The Lorena dynasty added more works to the collection, as well as later the Italian State. In the 20th century a number of works of art were moved from the Galleria dell’Accademia to the Uffizi.
Highlights Galleria degli Uffizi
The Madonna Rucellai was made in 1285 by Duccio di Buoninsegna. This painting from the Rucellai Chapel in the Santa Maria Novella Church has been hanging in the Uffizi since 1937. It is characteristic of the Sienese school because of its radiant colors and gothic influences. The Domenicans, who had ordered the work, had Duccio put medallions of their venerated saints at the bottom of the painting.
This is a painting Michelangelo made in 1505 for the wedding of Agnolo Doni and Maddalena Strozzi. It is considered a precursor to his masterpiece in the Sistine Chapel in Rome.
There are a number of rooms in the museum dedicated to Sandro Botticelli. An absolute highlight is the “Birth of Venus”, which is seen by many as the symbol of the city and the ideal of female beauty in art. It was painted between 1482 and 1485.
It is not only paintings by Italian masters that are on display. There are also paintings by masters such as Rubens and Rembrandt.

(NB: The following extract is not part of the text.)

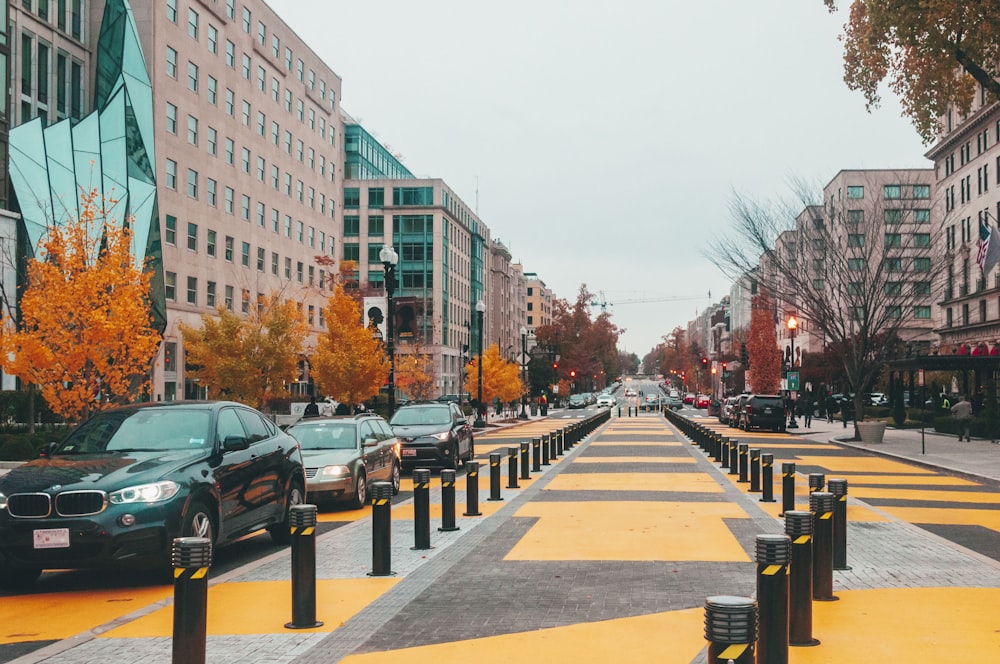 a city street with cars parked on both sides of the street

In addition to painting, a section of the museum is devoted to ancient sculpture.
The Hall of Vasari
Vasari was also responsible for the gallery above the Ponte Vecchio and the Santa Felicita Church. This connects the Uffizi with the Palazzo Pitti and the Boboli Gardens. This Corridoio Vasariano was built in 1565. It exhibits impressive collections of 17th century paintings. The hall is more than a kilometre long.